Since its creation, Spotify has established itself as the dominant player in music streaming. For millions of listeners, the platform has become synonymous with accessible, instant, global music. But behind this success story lies a much darker reality, especially for independent artists. In 2024, Spotify reached a decisive turning point: the massive demonetization of the least-listened tracks. This economic shift, combined with an overwhelming algorithm, controversial investment choices, and the growing control of major labels, is weakening the entire musical ecosystem. Far from supporting diversity and creativity, Spotify today seems to be turning away from its cultural mission.
This article takes a close look at this major turning point, analyzing the platform’s recent decisions, their consequences, and possible alternatives.
In 2024, Spotify profoundly changed its payment system. From now on, tracks generating fewer than 1,000 streams per year receive no compensation. Officially, this decision aims to combat artificial streaming and to reinvest money where “listening is real.” In reality, this reform has excluded around 87% of the tracks on the platform from receiving any revenue.
Practically, this means the vast majority of artists — those without massive visibility, or those working in creative niches — no longer earn any income for their work, even if their songs are listened to by hundreds of people each year.
This policy mechanically favors already well-established productions, often supported by large entities. For emerging artists, independent composers, and local musicians, this reform amounts to economic disqualification. The implicit message is clear: only what performs according to the algorithm’s criteria is entitled to payment.
One of Spotify’s core models is algorithmic personalization. Automated playlists, recommendations based on listening history, suggestions linked to users’ global habits — everything is designed to maintain attention and maximize time spent on the platform.
But this system has a downside.
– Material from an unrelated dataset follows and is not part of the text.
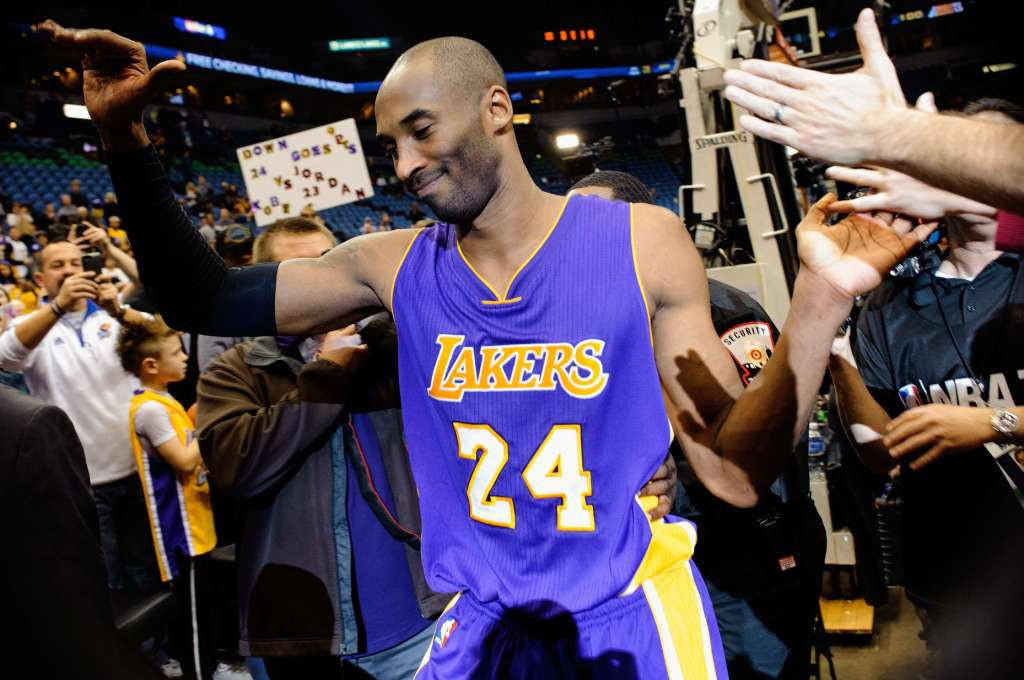 Kobe Bryant mendapat sambutan dari fan usai memecahkan rekor poin Michael Jordan (Foto: Hannah Foslien/Getty Images/AFP)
By promoting the most popular or “compatible” tracks with the average profile, the algorithm tends to homogenize tastes. The most experimental, singular, or atypical artists are marginalized.
The case of The Velvet Sundown says a lot about Spotify’s direction: an entirely AI-created “band,” propelled to over a million listeners thanks to the algorithm, with no transparency about its artificial nature. Such an operation, quietly conducted, raises serious ethical questions about the platform. By contrast, Deezer has taken a stand by declaring it will exclude content generated by AI.
The revenue-sharing model, known as “pro-rata,” reinforces this logic: subscribers do not pay the artists they listen to but contribute to a global pool redistributed according to the total number of streams. This means that even if a subscriber only listens to independent artists, their money mostly goes to the biggest commercial successes.
In this system, musical diversity becomes superficial. The economic reality remains crushing for creators who step outside mainstream norms.
Spotify is not just transforming how music is consumed; the company is redefining its strategic priorities. Since 2021, Daniel Ek, Spotify’s CEO, has personally invested more than one billion euros in military technologies via the investment firm Prima Materia.
One of his most controversial involvements concerns Helsing, a startup specializing in AI applied to defense, including real-time battlefield analysis. In 2025, Ek participated in a 600 million euro fundraising to accelerate the development of this company.
For many artists, this position is incompatible with the very idea of music as a vector of culture, peace, and social connection.
This split between the artistic world and Spotify’s economic strategy fuels growing unease in the music community.
Another less visible aspect of Spotify’s evolution is the growing dominance of major record labels in its internal functioning. The majors now hold decisive influence over official playlists, homepage visibility, marketing campaigns, and contractual agreements.
This dominance creates a near-monopoly over listening flows. Musical diversity exists in quantity but remains invisible to a large part of the audience. Spotify’s editorial and algorithmic system acts as a filter that replicates Top 40 logic, even within the apparent infinity of streaming.
The result is hyper-concentration of revenue: a tiny minority of artists capture most of the streams — and thus the payments. The initial dream of fair access to listening and compensation has become a mirage.
Faced with this situation, some platforms are experimenting with more equitable models. Deezer has launched a so-called “user-centric” system, where each subscription is distributed to the artists actually listened to by the user. Tidal is developing a similar “fan-powered” model. Qobuz, meanwhile, values sound quality, fair pay, and human editorial choices.
Smaller platforms like Marine Snow or sonu.stream offer decentralized models where artists retain their rights and receive frequent royalties without abusive intermediaries. These alternatives are not yet mainstream but open concrete paths out of an unbalanced system.
Spotify remains the most widely used streaming platform in the world. But behind this dominant position lies a series of choices that hurt independent artists.
Mass demonetization, algorithmic profitability logic, controversial military partnerships, and the grip of the majors paint a platform that seems to have lost its cultural purpose.
In this context, listening to music becomes a political act. Supporting alternative platforms, favoring fairer channels, and rethinking how we consume music: these are gestures that can give power back to artists — and meaning back to listening.